(INFORMATION SHOWN begins)

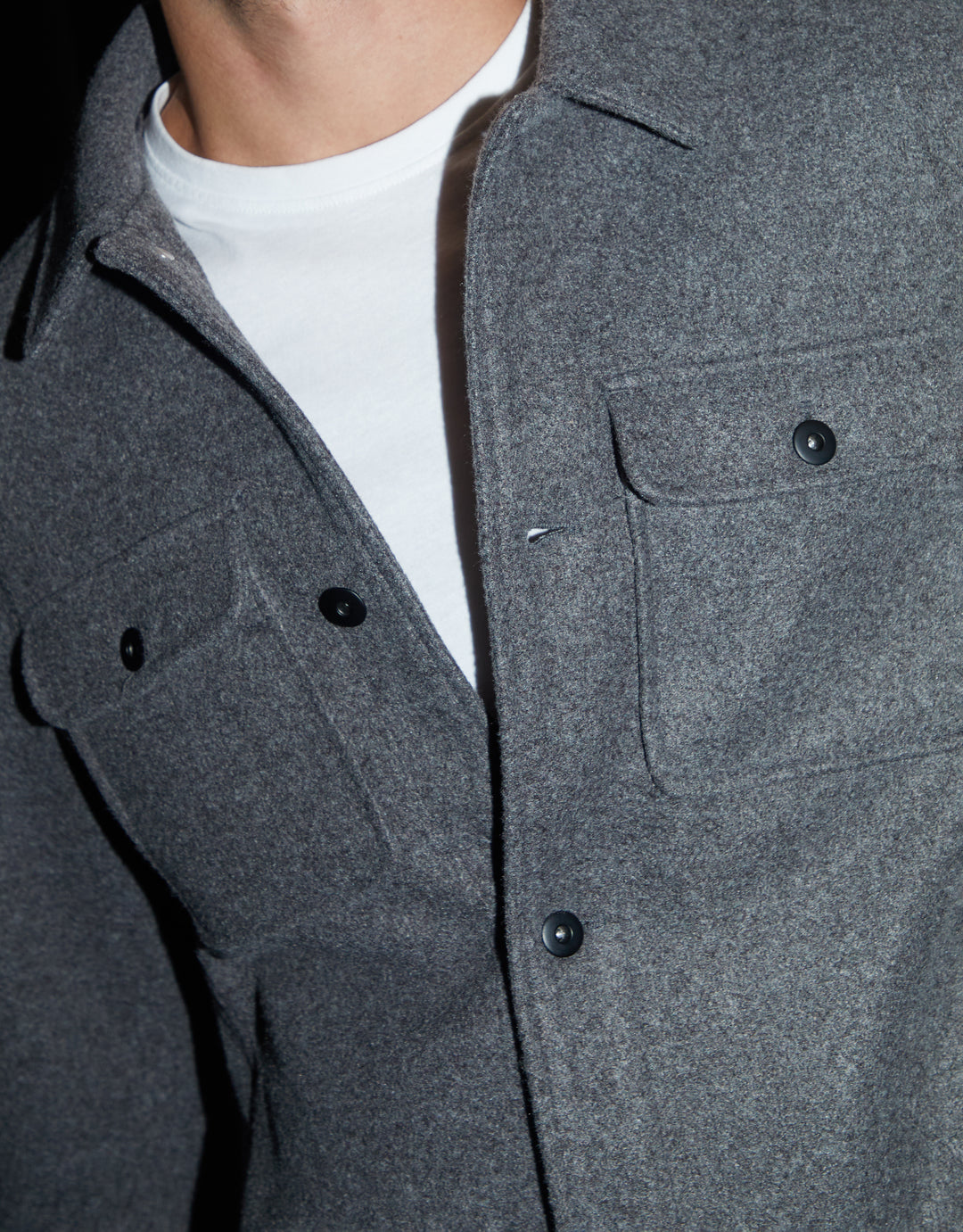 Charcoal Grey Marl Brushed Button Up Shacket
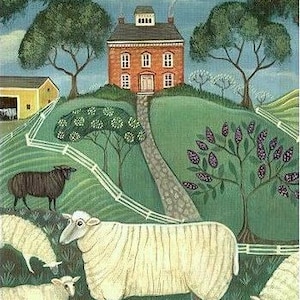 Sheep Farm - FOLK ART PRINT - Spring Landscape-primitive painting print- signed Wendy Presseisen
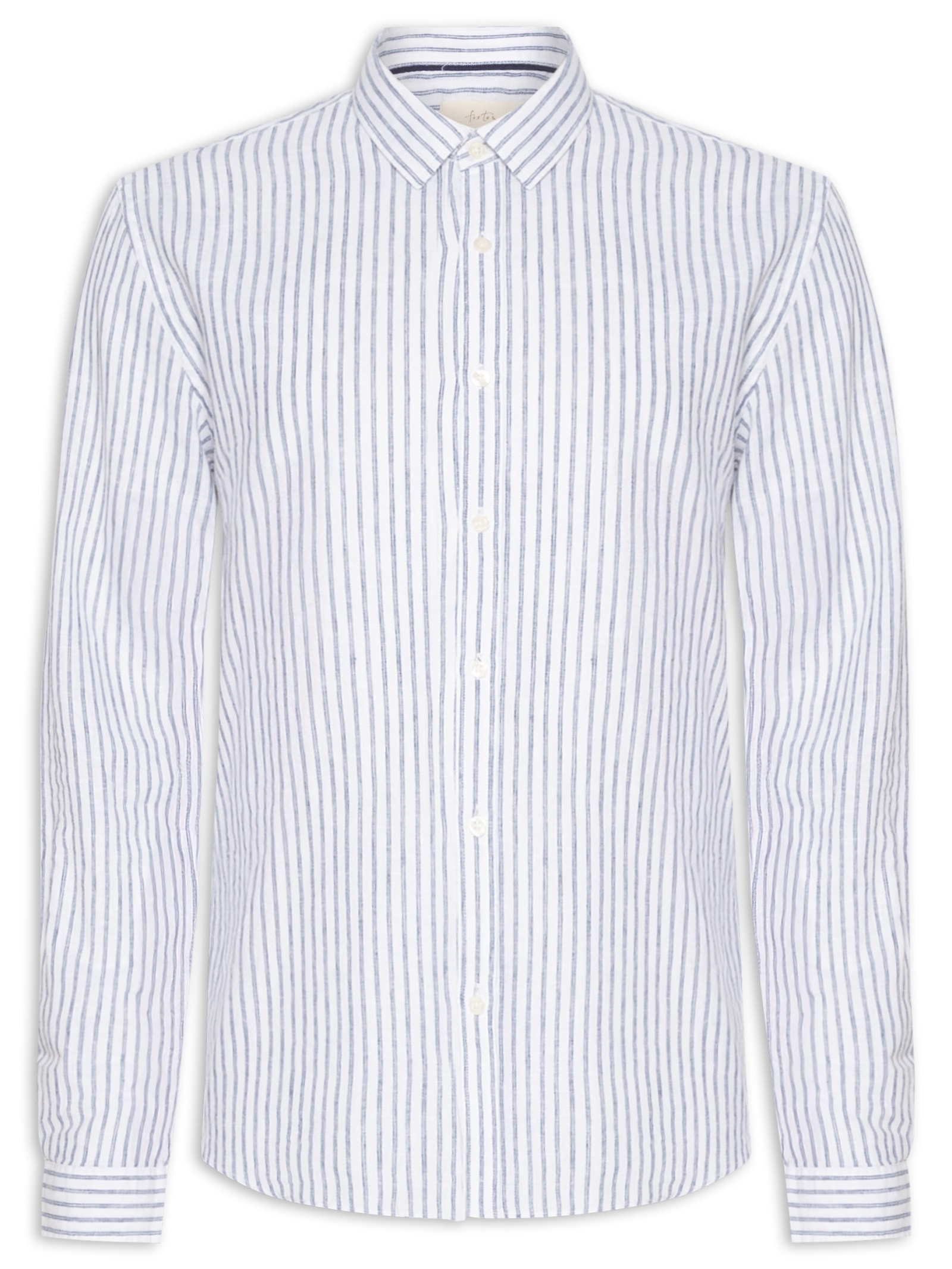 Camisa Masculina Manga Longa Linho Lastra Atalaia Azul Foxton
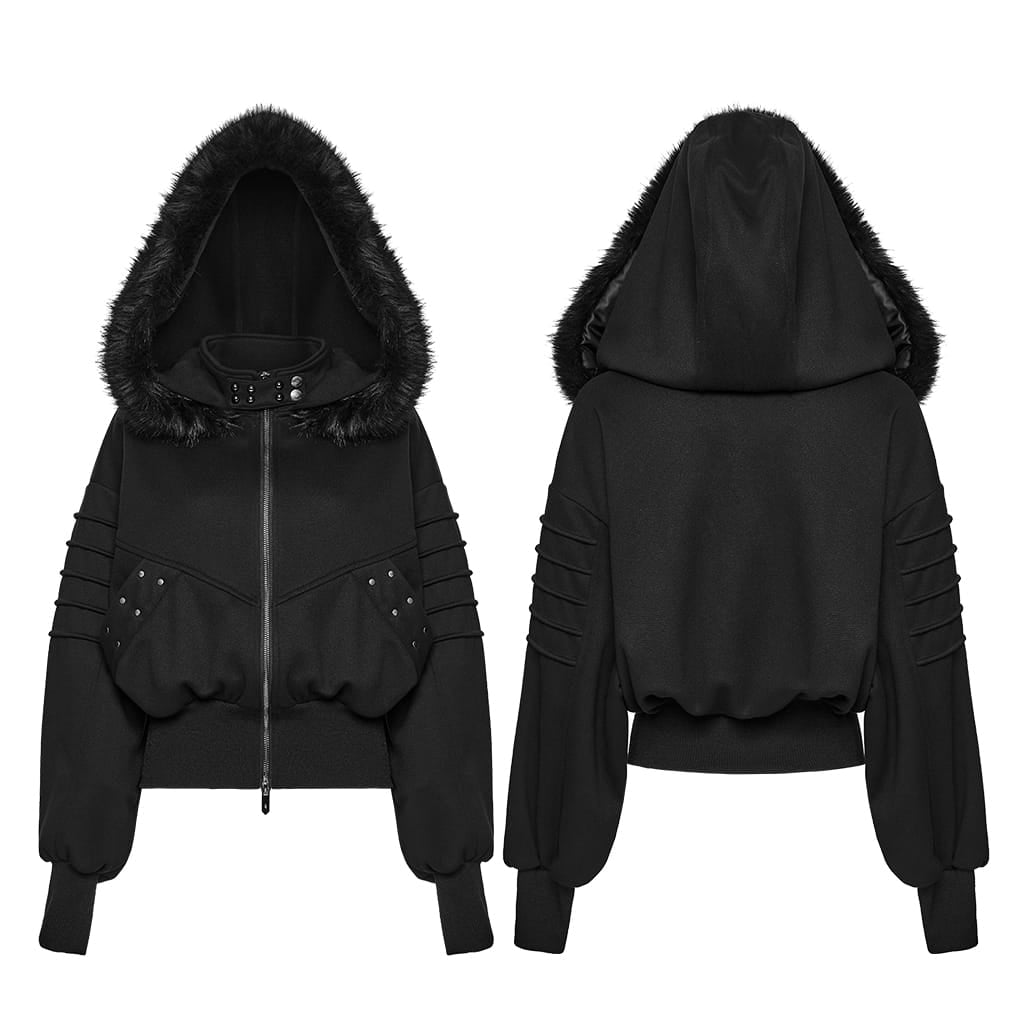 PUNK RAVE Women's Punk Hooded Detachable Faux Fur Trim Studded Jacket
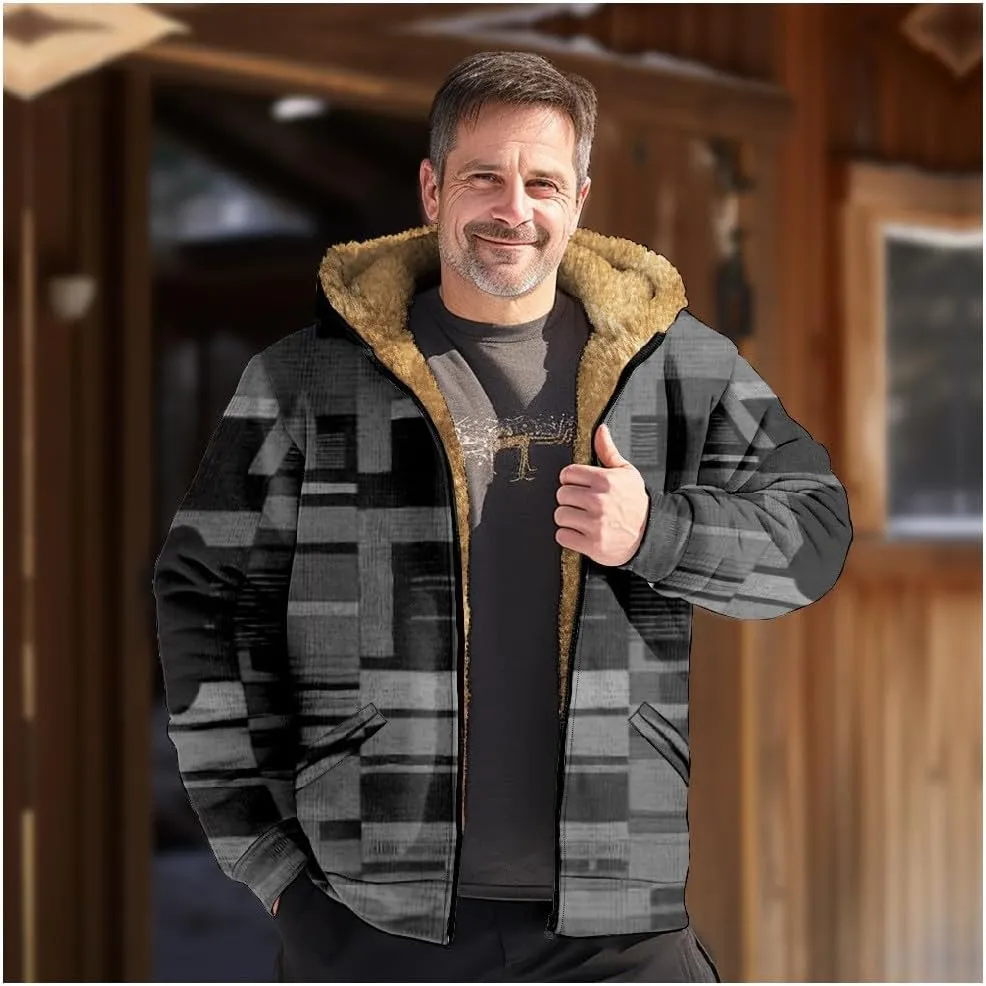 Mens Vintage Fleece Jacket Sherpa Lined Winter Coats Fall Winter Puffer Jacket Windproof Casual Hoodies with Pocket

(INFORMATION SHOWN ends)

In the records above, find the line containing "Camisa Masculina Manga" and output every line from the first through that one, exactly, omitting pictures.

 Charcoal Grey Marl Brushed Button Up Shacket
 Sheep Farm - FOLK ART PRINT - Spring Landscape-primitive painting print- signed Wendy Presseisen
 Camisa Masculina Manga Longa Linho Lastra Atalaia Azul Foxton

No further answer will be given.